Then, as you have shipped, you let go all your contractors and immediately
start hiring new ones for the next slated project? Makes very little sense.

The churn you are seeing now is the effect of the poor financial state of the
industry. A lot of studios are spending more money to make the games than the
games bring back. Such studios eventually have to get out of business either
through bankruptcy or through being shuttered by its holding company.

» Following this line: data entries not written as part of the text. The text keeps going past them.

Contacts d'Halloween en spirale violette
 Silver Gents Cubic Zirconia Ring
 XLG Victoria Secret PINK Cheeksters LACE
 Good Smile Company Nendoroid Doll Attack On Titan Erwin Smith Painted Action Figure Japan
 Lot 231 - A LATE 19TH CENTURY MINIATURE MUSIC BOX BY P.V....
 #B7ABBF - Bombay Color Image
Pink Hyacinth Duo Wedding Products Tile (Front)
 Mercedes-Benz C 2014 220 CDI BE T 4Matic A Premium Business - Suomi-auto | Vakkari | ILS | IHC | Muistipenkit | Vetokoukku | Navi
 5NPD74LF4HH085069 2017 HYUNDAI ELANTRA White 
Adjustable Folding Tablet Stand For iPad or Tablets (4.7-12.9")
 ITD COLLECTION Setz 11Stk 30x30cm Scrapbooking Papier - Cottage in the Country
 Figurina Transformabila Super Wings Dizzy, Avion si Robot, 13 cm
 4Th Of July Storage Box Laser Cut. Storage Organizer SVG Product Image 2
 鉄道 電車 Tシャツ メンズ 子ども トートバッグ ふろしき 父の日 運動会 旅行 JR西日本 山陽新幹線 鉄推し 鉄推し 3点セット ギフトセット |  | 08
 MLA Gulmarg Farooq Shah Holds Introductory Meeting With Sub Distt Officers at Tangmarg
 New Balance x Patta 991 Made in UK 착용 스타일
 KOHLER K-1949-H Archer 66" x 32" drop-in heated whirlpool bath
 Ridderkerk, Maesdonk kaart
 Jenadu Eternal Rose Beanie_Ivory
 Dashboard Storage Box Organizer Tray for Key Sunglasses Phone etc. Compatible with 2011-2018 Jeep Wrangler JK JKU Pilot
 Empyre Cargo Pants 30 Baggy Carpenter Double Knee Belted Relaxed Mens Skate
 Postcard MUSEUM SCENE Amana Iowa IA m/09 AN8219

As a studio is nearing the inevitable end people employed there are leaving
and the studio starts hiring, sometimes this is amplified by the management
trying to "fix" the expensive production problem by expanding. Since the
stable and profitable studios do not hire much, especially among people
without industry experience, most of the new hires go into the studios that
are already circling the drain and will be laid off in a year if not a month.
This is what's creating the impression of the high churn IMO.

------
jay_kyburz
I'm a long time lurker, but finally a topic I know a little about.

I can't speak for every company out there, but I worked at 2K / Irrational
Games through the Bioshock days. Things may have changed in the last few
years. I left several years ago to work twelve hour days, 7 days a week, for
no pay at all in my own company.

You have to ask yourself what you want in life. Do you want to spend years
working on B grade games nobody has heard about, or do you want to work on a
AAA game with a huge budget that everybody is talking about.

Do you want to be the best, or do you want to be some average joe.

If you want to be the best you have to work hard, and you have to fight, and
you have to put aside some other things in life. And if you're doing it, you
will expect it of the others around you.

If you don't mind being a member of an average team making average games, well
you can have a better work life balance.

It sounds a little harsh, but I honestly think it's as simple as that.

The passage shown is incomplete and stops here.